Osteoarthritis is not a systemic condition – it does not spread throughout the body, but instead affects only the joint or joints where the deterioration has occurred. The joints most commonly affected are the knees, hips, spine, hands and toes.
Causes & Symptoms
Osteoarthritis can result from trauma or from repetitive use, although there is often no single identified cause. It is typically divided into two broad categories:
- Primary osteoarthritis commonly occurs with aging, as the water content in the cartilage increases and the protein portion degenerates.
- Secondary osteoarthritis is usually due to another disease or condition, such as repeated trauma, infectious disease, gout or surgery on a joint. Obesity is a frequent contributor, as excess weight puts additional stress on the cartilage, particularly on the joints in the knees and hips.
Symptoms of osteoarthritis include:
- Pain in the affected joint(s) after repeated use, especially later in the day.
- Swelling, pain and stiffness after long periods of inactivity, such as waking in the morning, that subsides with movement and activity.
- Continuous pain, even at rest, is a symptom of advanced osteoarthritis, when there is total loss of cartilage.
In osteoarthritis of the spine, pain can occur in the neck or lower back. If bony spurs develop, the nerves exiting from the spine can be irritated, causing numbness, tingling and severe pain in the back or limbs. Osteoarthritis in the fingers can result in hard bony enlargements, and bunions can form at the base of the big toe if the feet are affected.
The degree of symptoms varies among individuals. Some people become completely debilitated, while others may experience few symptoms despite the severity of their condition. Symptoms may also be intermittent, and some individuals go for long periods of time relatively symptom-free.
Suggested Lifestyle Changes
- Lose weight if you are overweight; it can alleviate excess mechanical stress on the affected joint(s).
- Avoid intense activities that injure or strain the joint cartilage.
- Exercise. This can actually be beneficial as long as it is performed at a level that does not stress the affected joint(s). Strengthening surrounding muscles will support and protect the joint, and physical activity helps improve and maintain joint mobility and aids weight-reduction efforts. The safest activities are swimming, stationary cycling and light weight training – which put little stress on the joints.
Nutrition & Supplements
Dietary changes may help alleviate or reduce the pain associated with osteoarthritis.

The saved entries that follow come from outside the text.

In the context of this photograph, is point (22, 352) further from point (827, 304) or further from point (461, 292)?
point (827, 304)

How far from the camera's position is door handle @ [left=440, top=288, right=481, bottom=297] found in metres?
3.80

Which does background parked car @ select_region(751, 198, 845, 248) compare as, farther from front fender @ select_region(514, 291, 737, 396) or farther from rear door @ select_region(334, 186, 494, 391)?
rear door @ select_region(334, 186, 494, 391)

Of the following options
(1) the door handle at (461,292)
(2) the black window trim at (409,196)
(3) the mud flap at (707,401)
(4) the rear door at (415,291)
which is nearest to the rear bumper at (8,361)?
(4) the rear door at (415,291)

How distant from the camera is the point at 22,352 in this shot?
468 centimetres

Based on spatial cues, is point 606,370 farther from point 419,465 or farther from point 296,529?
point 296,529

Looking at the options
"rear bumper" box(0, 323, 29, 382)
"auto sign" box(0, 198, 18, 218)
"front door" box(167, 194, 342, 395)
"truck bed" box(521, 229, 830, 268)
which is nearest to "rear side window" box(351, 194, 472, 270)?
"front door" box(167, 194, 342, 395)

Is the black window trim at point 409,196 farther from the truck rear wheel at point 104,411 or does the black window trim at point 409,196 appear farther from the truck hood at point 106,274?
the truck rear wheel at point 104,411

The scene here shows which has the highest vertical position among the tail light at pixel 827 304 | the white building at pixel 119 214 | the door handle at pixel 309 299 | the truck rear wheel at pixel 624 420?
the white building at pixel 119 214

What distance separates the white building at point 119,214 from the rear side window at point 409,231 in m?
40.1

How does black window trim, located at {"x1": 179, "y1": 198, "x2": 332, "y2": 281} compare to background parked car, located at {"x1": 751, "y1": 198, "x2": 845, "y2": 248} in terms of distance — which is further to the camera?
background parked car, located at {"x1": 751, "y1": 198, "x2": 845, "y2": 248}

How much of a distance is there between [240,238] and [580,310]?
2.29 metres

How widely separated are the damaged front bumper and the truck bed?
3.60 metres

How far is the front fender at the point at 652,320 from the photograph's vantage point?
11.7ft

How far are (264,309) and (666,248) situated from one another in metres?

Research has shown that foods rich in omega-3 fatty acids and the spices ginger and turmeric may help reduce inflammation. Foods rich in antioxidants – plentifully found in most vegetables and fruit – may help reduce tissue damage from inflammation.
- Eat oily fish such as salmon, or try another source of omega-3 fatty acids such as walnuts or freshly ground flax seed daily.
- Regularly use ginger and turmeric. Ginger tea is a good example.
- Eat generous amounts of organically grown vegetables and fruit every day.
The following are nutrients, botanicals and other compounds that Dr. Weil often recommends for joint health:
- Glucosamine sulfate. Glucosamine sulfate provides the joints with the building blocks they need to help repair the natural wear on cartilage caused by everyday activities. Specifically, glucosamine sulfate provides the raw material needed by the body to manufacture a mucopolysaccharide (called glycosaminoglycan) found in cartilage. Supplemental sources are derived from shellfish. Taken in supplement form, glucosamine may help improve the maintenance of healthy cartilage with an enhanced deposition of glycosaminoglycan.
- Chondroitin. Chondroitin protects the cartilage and attracts fluids that give the tissue its shock absorbing quality.
- Evening primrose oil. A source of gamma-linolenic acid (GLA) which may help maintain healthy joints by modifying inflammation.
- Herbs and spices. Ginger, holy basil, turmeric, green tea, rosemary, scutlellaria and huzhang all have naturally occurring anti-inflammatory compounds known as COX-2 inhibitors.
- Omega-3 fatty acids. Containing primarily EPA and DHA, which have been shown in studies to help maintain bone health and flexibility.